Marzipan, Gummibärchen, and the Lindt chocolate Santa are all classic German Christmas stocking stuffers for those who were well-behaved during the year. And of course, for those naughty, a lump of coal (or black licorice shaped coal!). I had the opportunity many years ago to visit the well-preserved medieval city of Rothenburg located in Bavaria, Germany. For those Christmas lovers, Rotherburg is also the headquarters of Käthe Wohlfahrt, a German company that sells Christmas decorations and operates a fully decorated Christmas store and Christmas museum all year long.
The Federal Reserve stuck to their guidance and raised rates for the third time this year. The federal funds rate, the rate that the Fed pays banks on their reserve balances, is now in a range from 1.25-1.50%. In her last press conference as Fed Chair, Janet Yellen noted that “most” Fed policymakers had included the probability of tax cuts into their forecasts which revised economic growth higher (2.5% for 2018 versus a prior estimate of 2.1%) while the unemployment rate was revised lower (3.9% versus 4.1%). Inflation expectations continue to be muted. Even with the positive economic growth projection and continued strong labor force, the median dot plots over the next two years did not change. The Fed is still targeting three rate hikes in 2018 and two rate hikes in 2019. Interestingly, the market is currently pricing in a 60% chance of the first rate hike to occur in March and a total of 1.8 hikes over the course of 2018. Looking at the balance sheet, the $10 billion reduction per month will be increased to $20 billion per month in the first quarter, $30 billion per month in the second quarter, $40 billion per month in the third quarter, and $50 billion per month in the fourth quarter. After that, the Fed is projecting to maintain the $50 billion monthly pace until the balance sheet is at their target size.

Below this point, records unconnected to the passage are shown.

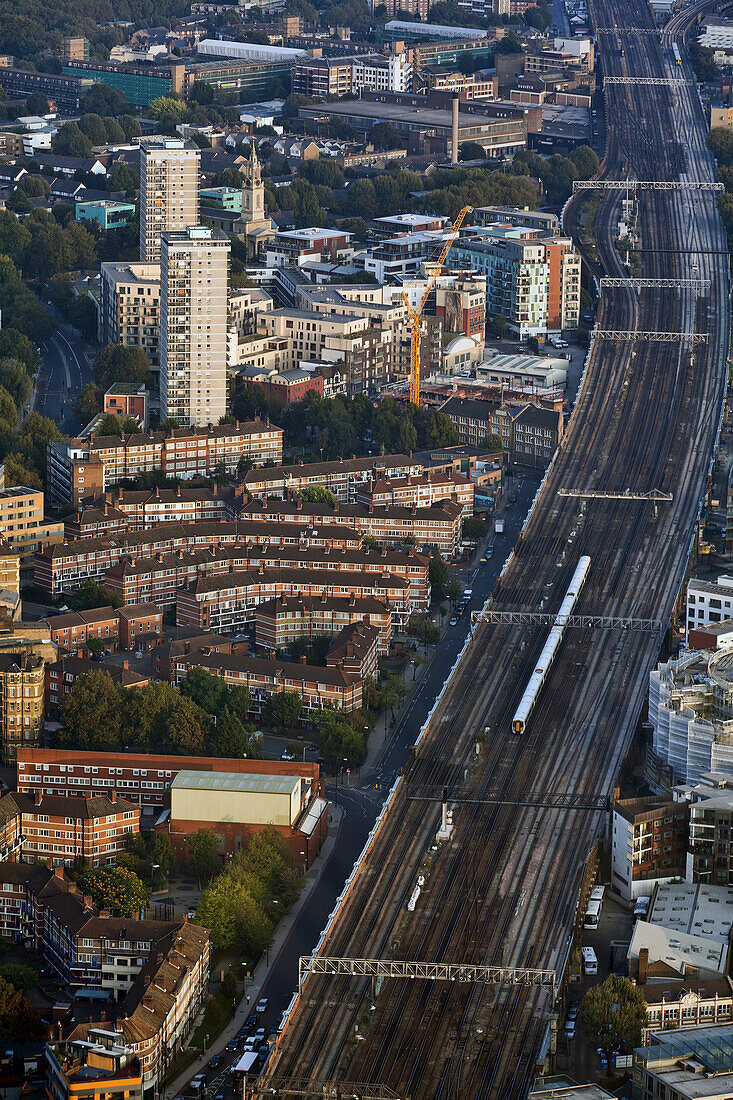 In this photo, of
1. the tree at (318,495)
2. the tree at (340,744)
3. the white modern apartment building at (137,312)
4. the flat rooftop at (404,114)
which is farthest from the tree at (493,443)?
the flat rooftop at (404,114)

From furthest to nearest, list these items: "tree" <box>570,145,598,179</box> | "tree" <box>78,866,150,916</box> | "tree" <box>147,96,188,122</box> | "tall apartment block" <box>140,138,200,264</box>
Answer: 1. "tree" <box>147,96,188,122</box>
2. "tree" <box>570,145,598,179</box>
3. "tall apartment block" <box>140,138,200,264</box>
4. "tree" <box>78,866,150,916</box>

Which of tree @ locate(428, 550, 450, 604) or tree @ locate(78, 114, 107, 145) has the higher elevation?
tree @ locate(78, 114, 107, 145)

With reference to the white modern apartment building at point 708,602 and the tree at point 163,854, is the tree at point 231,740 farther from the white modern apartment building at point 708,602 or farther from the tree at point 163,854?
the white modern apartment building at point 708,602

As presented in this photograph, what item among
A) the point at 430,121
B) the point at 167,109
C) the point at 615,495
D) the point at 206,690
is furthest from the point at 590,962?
the point at 167,109

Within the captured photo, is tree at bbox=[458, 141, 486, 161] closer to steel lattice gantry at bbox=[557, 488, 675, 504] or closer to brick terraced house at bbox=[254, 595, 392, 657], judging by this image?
steel lattice gantry at bbox=[557, 488, 675, 504]

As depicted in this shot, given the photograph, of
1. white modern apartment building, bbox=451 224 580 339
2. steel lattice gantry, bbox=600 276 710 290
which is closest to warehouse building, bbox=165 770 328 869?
white modern apartment building, bbox=451 224 580 339

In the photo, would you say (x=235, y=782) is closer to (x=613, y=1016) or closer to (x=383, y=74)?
(x=613, y=1016)

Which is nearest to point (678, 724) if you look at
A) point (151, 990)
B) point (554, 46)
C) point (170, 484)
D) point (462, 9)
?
point (151, 990) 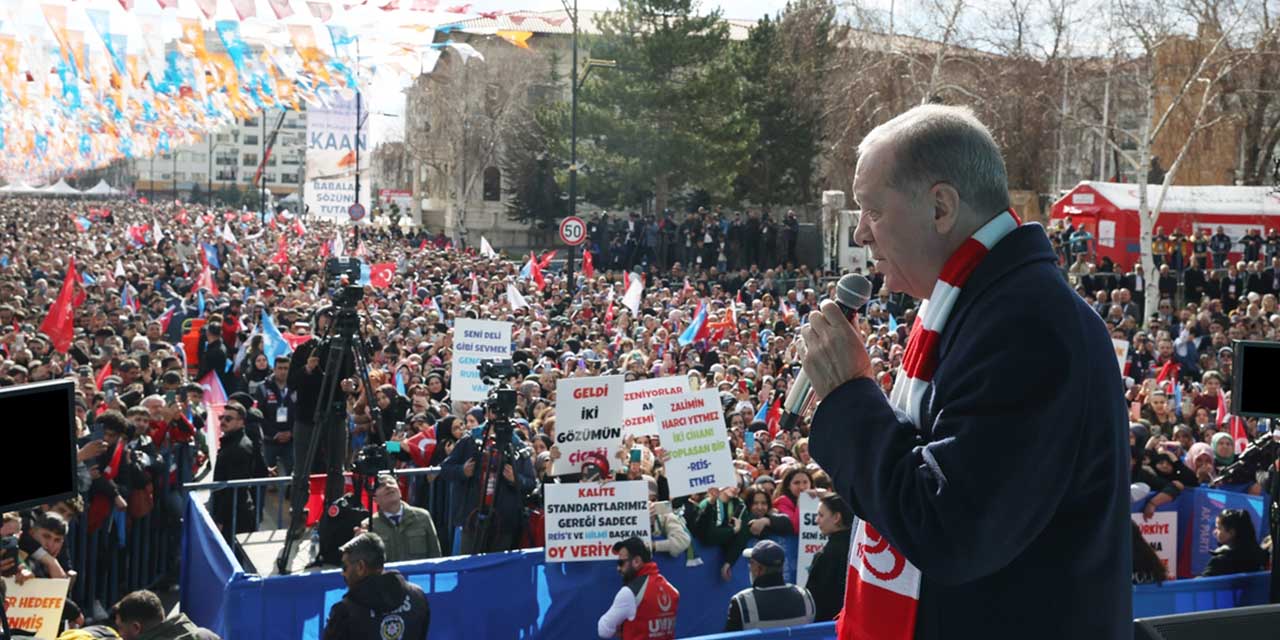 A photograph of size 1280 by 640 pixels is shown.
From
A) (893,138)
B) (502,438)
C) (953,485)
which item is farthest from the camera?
(502,438)

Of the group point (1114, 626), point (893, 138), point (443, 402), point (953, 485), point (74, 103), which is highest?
point (74, 103)

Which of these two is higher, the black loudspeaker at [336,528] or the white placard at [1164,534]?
the black loudspeaker at [336,528]

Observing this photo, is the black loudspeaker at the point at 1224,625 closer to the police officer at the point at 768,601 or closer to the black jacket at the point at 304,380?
the police officer at the point at 768,601

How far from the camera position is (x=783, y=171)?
52.8m

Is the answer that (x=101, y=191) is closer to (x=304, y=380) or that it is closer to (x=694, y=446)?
(x=304, y=380)

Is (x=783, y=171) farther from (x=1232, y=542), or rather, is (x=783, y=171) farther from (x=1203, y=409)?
(x=1232, y=542)

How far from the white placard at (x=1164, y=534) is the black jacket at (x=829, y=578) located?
3521 mm

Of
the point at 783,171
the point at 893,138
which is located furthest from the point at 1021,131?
the point at 893,138

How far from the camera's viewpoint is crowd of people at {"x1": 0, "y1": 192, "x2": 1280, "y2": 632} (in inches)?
364

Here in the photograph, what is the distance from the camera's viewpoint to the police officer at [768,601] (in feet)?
22.3

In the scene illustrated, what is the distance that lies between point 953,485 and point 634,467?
29.0 feet

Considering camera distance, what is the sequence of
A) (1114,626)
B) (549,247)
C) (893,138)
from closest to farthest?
(1114,626), (893,138), (549,247)

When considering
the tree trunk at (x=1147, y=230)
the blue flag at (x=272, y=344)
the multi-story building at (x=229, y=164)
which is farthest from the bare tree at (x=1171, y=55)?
the multi-story building at (x=229, y=164)

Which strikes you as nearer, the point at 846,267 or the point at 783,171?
the point at 846,267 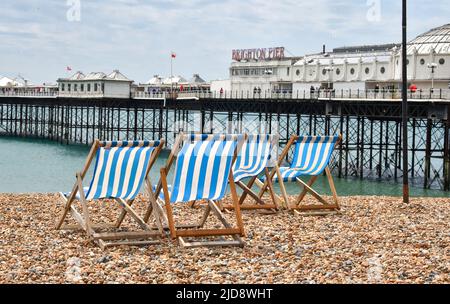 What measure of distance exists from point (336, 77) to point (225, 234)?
38.2 m

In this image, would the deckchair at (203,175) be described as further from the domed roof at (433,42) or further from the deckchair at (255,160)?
the domed roof at (433,42)

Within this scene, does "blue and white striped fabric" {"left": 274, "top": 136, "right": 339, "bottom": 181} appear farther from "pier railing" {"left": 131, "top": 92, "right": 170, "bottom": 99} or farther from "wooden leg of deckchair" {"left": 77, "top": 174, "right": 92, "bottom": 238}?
"pier railing" {"left": 131, "top": 92, "right": 170, "bottom": 99}

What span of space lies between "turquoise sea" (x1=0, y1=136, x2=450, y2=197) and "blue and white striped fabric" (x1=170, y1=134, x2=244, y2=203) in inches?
724

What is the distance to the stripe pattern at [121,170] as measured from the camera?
1004 cm

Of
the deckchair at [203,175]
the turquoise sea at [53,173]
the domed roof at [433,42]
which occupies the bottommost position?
the turquoise sea at [53,173]

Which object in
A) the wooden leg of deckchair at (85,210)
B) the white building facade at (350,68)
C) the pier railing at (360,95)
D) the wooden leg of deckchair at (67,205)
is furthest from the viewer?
the white building facade at (350,68)

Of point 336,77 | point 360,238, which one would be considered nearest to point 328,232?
point 360,238

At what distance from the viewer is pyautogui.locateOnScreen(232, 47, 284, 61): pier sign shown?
55.5 metres

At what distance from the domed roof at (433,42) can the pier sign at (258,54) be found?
13.0 meters

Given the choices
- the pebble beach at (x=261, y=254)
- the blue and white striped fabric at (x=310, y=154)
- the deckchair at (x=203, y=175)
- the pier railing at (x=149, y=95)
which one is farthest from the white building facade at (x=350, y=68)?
the deckchair at (x=203, y=175)

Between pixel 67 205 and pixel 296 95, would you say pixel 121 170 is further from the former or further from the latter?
pixel 296 95

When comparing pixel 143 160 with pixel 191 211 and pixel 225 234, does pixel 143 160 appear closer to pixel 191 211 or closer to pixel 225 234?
pixel 225 234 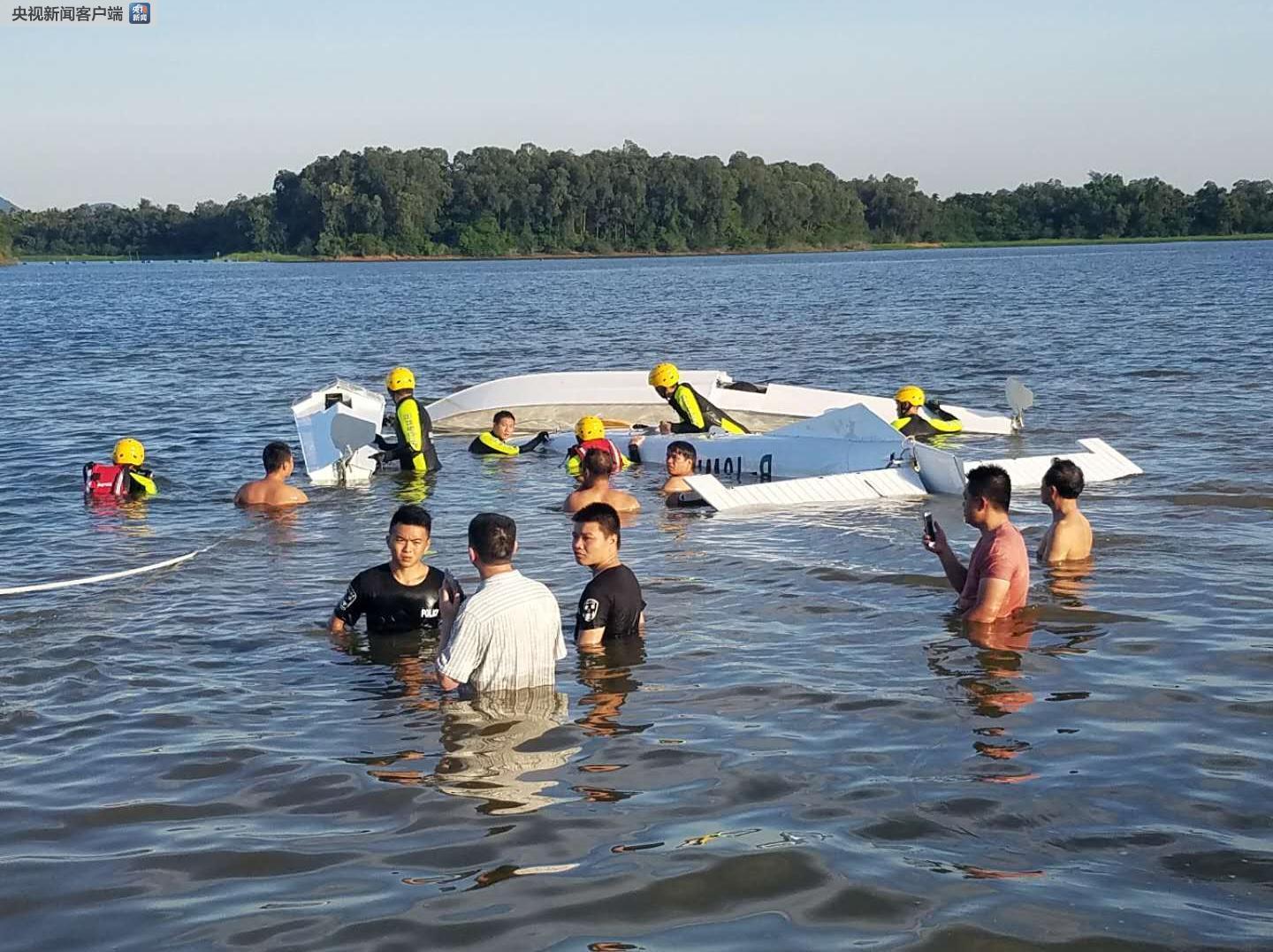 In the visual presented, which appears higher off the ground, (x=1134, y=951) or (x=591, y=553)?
(x=591, y=553)

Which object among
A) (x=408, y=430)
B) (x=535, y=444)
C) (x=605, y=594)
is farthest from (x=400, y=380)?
(x=605, y=594)

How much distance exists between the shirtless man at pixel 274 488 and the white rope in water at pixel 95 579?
240cm

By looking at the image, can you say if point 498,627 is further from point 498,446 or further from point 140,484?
point 498,446

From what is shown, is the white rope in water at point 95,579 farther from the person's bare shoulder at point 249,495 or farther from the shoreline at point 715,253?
the shoreline at point 715,253

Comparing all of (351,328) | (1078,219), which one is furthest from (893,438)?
(1078,219)

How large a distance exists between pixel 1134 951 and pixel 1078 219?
18843 centimetres

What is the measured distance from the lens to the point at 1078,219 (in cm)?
18138

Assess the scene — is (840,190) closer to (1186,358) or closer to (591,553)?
(1186,358)

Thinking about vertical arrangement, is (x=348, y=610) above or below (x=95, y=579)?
above

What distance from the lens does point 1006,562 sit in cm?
866

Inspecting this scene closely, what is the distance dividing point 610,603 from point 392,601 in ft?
4.36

This coming week the third estimate for third quarter GDP will be released. The last revision saw a surprise increase to 3.3% from 3.0%. Additionally, we’ll get another update on inflation with a PCE reading. Investors will be watching Washington carefully as the Senate is expected to vote on the tax reform bill early this week followed by the vote in the House of Representatives. Some details have trickled out such as a 21% corporate tax rate, a 37% top individual rate, a $750,000 cap on mortgage interest deduction, and many other numbers. Another number to be aware of is 69. That’s the amount of record daily closes that the Dow Jones Industrial Average has had so far in 2017, tying 1995 for the most ever in a calendar year. Sending the market sweet thoughts of candy canes, peppermint pinwheels, and gumdrops as with nine trading days left in the year there’s a good chance that 2017 sets the record. Investors haven’t had to wait for the Santa rally this year as really, Christmas has been happening all year long.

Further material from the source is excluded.